A VELHA CURITIBA DE MINHA INFÂNCIA... E ADOLESCÊNCIA

Na velha Curitiba de tempos idos tinha inverno sim, inverno de verdade, não esse friozinho que faz hoje em dia. Pisávamos na grama congelada e crocante sentindo a brisa matinal arder em nossas faces. Os campos dos bairros do Portão, Água Verde e Novo Mundo ficavam branquinhos, enfeitados de geada. A água da torneira era mais gelada que a da jarra da geladeira.

Na velha Curitiba tinha tardes dançantes no DANC, na Agronomia e na Reitoria. A rapaziada sabia se divertir mesmo que fosse a tarde e a droga que consumíamos era apenas cerveja gelada.

Nos carnavais do Coxa tinha a Escola de Samba "Não Agite", com o Carlinhos Mazza fazendo acrobacias de dar inveja a qualquer sambista carioca. Tinha desfile na Marechal Deodoro, tinha lança-perfume, tinha o bloco das polacas. E os bailes do Operário? Frequentados pela fina flor da sociedade. A Curitiba antiga tinha carnaval, acreditem.

Nos bailes da Sociedade do Ahu, na rua Tomazina,dançávamos ao som dos Garotos Unidos e de Beppi e Seus Solistas. Os Metralhas e o San Jazz Quintet faziam os nossos fins de semana mais agitados. Quem ainda se lembra do Janguito do Rosário e seu conjunto tocando e cantando velhas canções de amor? Tinha programas de auditório na PRB2 e na Rádio Guairacá. Tinha o "Prosinha da Fortuna" da Rádio Emissora Paranaense comandado pelo Elon Garcia e a Tonia Maria, na antiga sede do Coritiba.

Bons tempos. Saíamos do baile a pé sentindo o vento da madrugada, sem nenhum problema de violência. E no meio da névoa encontrávamos as charretes dos padeiros iniciando sua labuta.

No Belfort Duarte tinha Atletiba e as torcidas se dividiam por conta própria; Atleticanos na reta da Mauá e a Coxarada nas curvas e na social. A guerra era de bandeiras; qual torcida tinha a maior de todas, qual tinha mais? Nos gramados desfilavam craques como Krugger e Paulo Vecchio, Nico o zagueirão que nas horas vagas era açougueiro. O rubro-negro tinha Sicupira, Pedrinho e Renatinho. Tinha Charrão e Marco Aurélio. Nas arquibancadas o Laio, Fortaleza Voadora, já tinha pendurado as luvas calejadas de tantas defesas do arco do seu Atlético, mas continuava vibrando com seu time.

Na minha velha Curitiba de infância não tinha pichações, mas tinha as balas Zequinha. A número 200 era a mais difícil: "Zequinha Premiado". A gurizada fabricava seus carrinhos de rolimã. Quantos joelhos esfolados no macadame das ruas empoeiradas.

Tinha as lotações; todos viajavam confortavelmente sentados. Quase ninguém tinha automóvel.

A Escola que eu estudava, pasmem, ficava defronte à Penitenciária do Ahu. Até os presidiários eram mais comportados naquela época.

Saudades da Crush sabor laranja, da Feijoada do Pasquale nos sábados modorrentos do Passeio Público, do Restaurante Tingui e da velha Confeitaria Guairacá.
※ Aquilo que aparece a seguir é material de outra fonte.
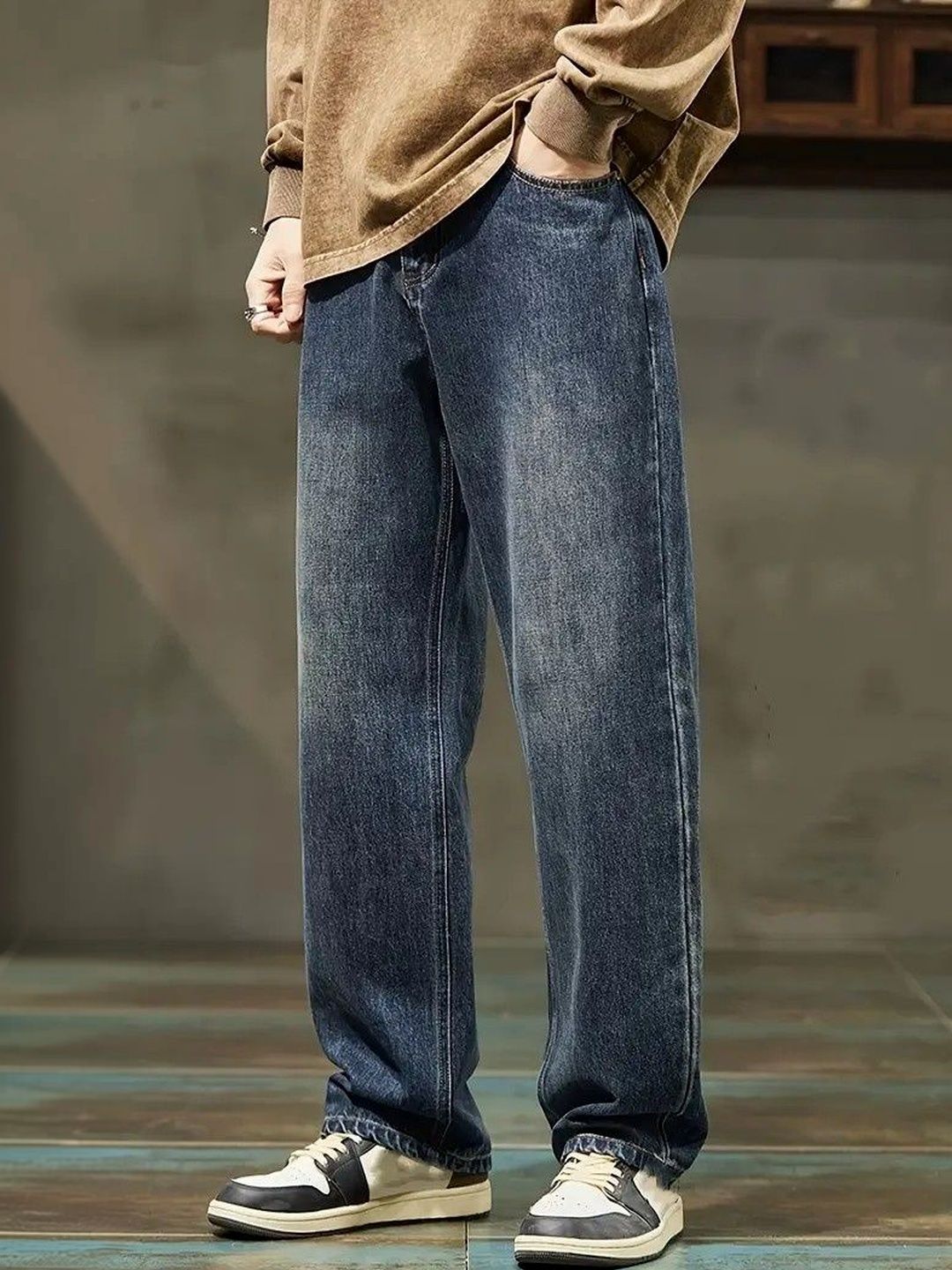 LERIYA FASHION Men Relaxed Fit Mid-Rise Light Fade Stretchable Jeans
No Cine Curitiba os garotos se reuniam para trocar gibis e assistir os três filmes seguidos. A sessão começava as duas horas da tarde e só terminava quando estava escuro, quase noite. Lembro do Renato Cegonha que entrou com um pacote de peixes no início da sessão e lá pelas seis horas não havia ninguém a seu redor. O cheiro de peixe podre era insuportável.

Descer a Estrada Graciosa para ir a praia era luxo para poucos. Restava-nos os tanques do São Lourenço, do Bacacheri e o Lago Azul ,no Umbará.

E as pescarias no rio Barigui, na Fazendinha? E os lambaris e bagres do Iraí, em Pinhais? Rios piscosos e de águas límpidas.

Onde andarão os pirilampos que enfeitavam as noites quentes de verão? Riscavam a escuridão da noite com seus rastros esverdeados. Desapareceram, imigraram para outros rincões.

Na velha Curitiba de anos distantes tinha bonde. O cartaz pendurado dizia para o ilustre passageiro ver o tipo faceiro ao seu lado que não morreu de bronquite por causa de um tal rum creosotado.

Nas noites enluaradas tinha seresta. O pinho chorava canções de amor nas vozes apaixonadas dos hoje setentões. Janelas hospitaleiras se abriam e faziam pulsar nossos jovens corações.

O tempo passou e a saudade explode em nosso peito. Não, não é tristeza. É pura nostalgia. É vontade de viver de novo velhas emoções.